Fundamentals of Pattern Specification

To begin with, we should indicate that in a DEXTL program a DEXTL pattern is usually used in the EXTRACTION clause for a specific element.

As it will be seen in more detail later, an element within a DEXTL program corresponds to a relation or a non-atomic attribute of a relation (which can, thus, be seen as a sub-relation) the tuples of which are to be extracted through said element of the DEXTL program (thus, throughout the document this concept will be called “element” or “relation” without exception). R will refer to the relation or sub-relation from which we wish to extract tuples through a DEXTL program element.

Regarding the syntax of an element within a DEXTL program, for now it is enough to bear in mind that:

  • The specification of an element within a DEXTL program is demarcated using the opening character { and the closing character } (or {* and *} in for “flattened” elements: see section Hierarchy of Elements).
  • Each element can have an associated name, which should match that of the relation or the non-atomic attribute of same from which the rows are being extracted and which is indicated with the notation NAME="NAME\_ELEMENT", where NAME_ELEMENT is the name assigned to the element. This name should be indicated immediately after the element opening tag. If it is not indicated and the element is “flattened” (see section Hierarchy of Elements), the system will assign a random name to the element.
  • Comments can be included in a DEXTL program, prefixed with the symbols //.
  • Each element contains at least one pattern in its extraction clause that represents the way in which the tuples to be extracted, or a subelement, are arranged in the document (there may be elements that are simply used to group subelements, but in which no data is extracted).

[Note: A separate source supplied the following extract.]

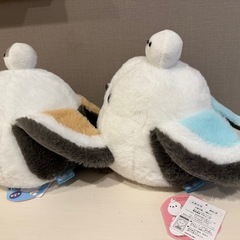 ふくふくシマエナガ なかよしおやこカラフル BIGぬいぐるみ の画像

A DEXTL pattern is composed fundamentally of the following types of components:

  • Separators: these enable the system to distinguish where a specific attribute begins or ends within a pattern and where a specific tuple begins or ends. There are two basic types of separators in a pattern:

    • Strings: these match portions of the document representing data for the user. They are represented in inverted commas in the pattern.

    • Format tags: these are used to represent separators composed of a regular expression matching HTML tags. For example ENDANCHOR:="</A"[\n\r\t ][^\>]*">"|"</A>".

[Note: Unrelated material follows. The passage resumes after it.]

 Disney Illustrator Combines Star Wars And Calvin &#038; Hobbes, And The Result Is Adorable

      Format tags are defined using regular expressions to which a name is assigned. The tags are defined to provide a simple and legible form of representing complex regular expressions that frequently appear in the data for the visualizing tool. It is important to highlight that the system ignores any portion of the document representing format data that does not match any of the format tags.

  • Names of atomic attributes: these are found in the pattern position in which the value of the attribute appears in the graphic representation of the tuples of relation R. The name of the attribute is prefixed with the character ‘:’. They match the portions of the document that represent data for the user and that are found between two separators. It is also possible to have auxiliary attributes that do not belong to R, but the value of which may be saved for an operation or calculation. The auxiliary attributes are prefixed with ::.

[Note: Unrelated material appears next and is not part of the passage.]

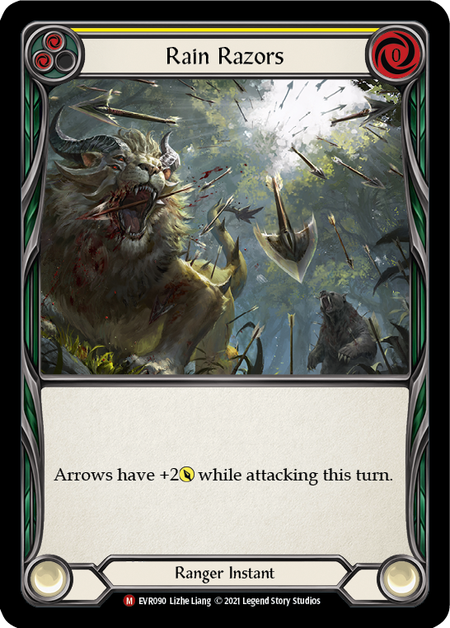 Rain Razors EVR090 (Everfest)  - 1st Edition Rainbow Foil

  • ‘IRRELEVANT’ tag: operates in a manner similar to attribute names in R, but represents a portion of the pattern that is not to be assigned to any attribute in R.

  • Optional pattern tags [1]: these are “/?” and “?/” and they demarcate areas of the pattern that may or may not appear. It is also possible to use the following format: “¿ <OPTIONAL> ?”.

  • Tags to identify alternative portions of the pattern: an expression such as ‘(subpattern1 | subpattern2)’ may appear in a pattern, indicating that something may appear in this zone of the pattern that matches ‘subpattern1’ or with ‘subpattern2’. In case of having more than two alternatives, the different sub patterns are specified by nesting the different alternatives, in this way: ( ( ( ( subpattern1 | subpattern2 ) | subpattern3 ) | subpattern4 ) | subpattern5 ).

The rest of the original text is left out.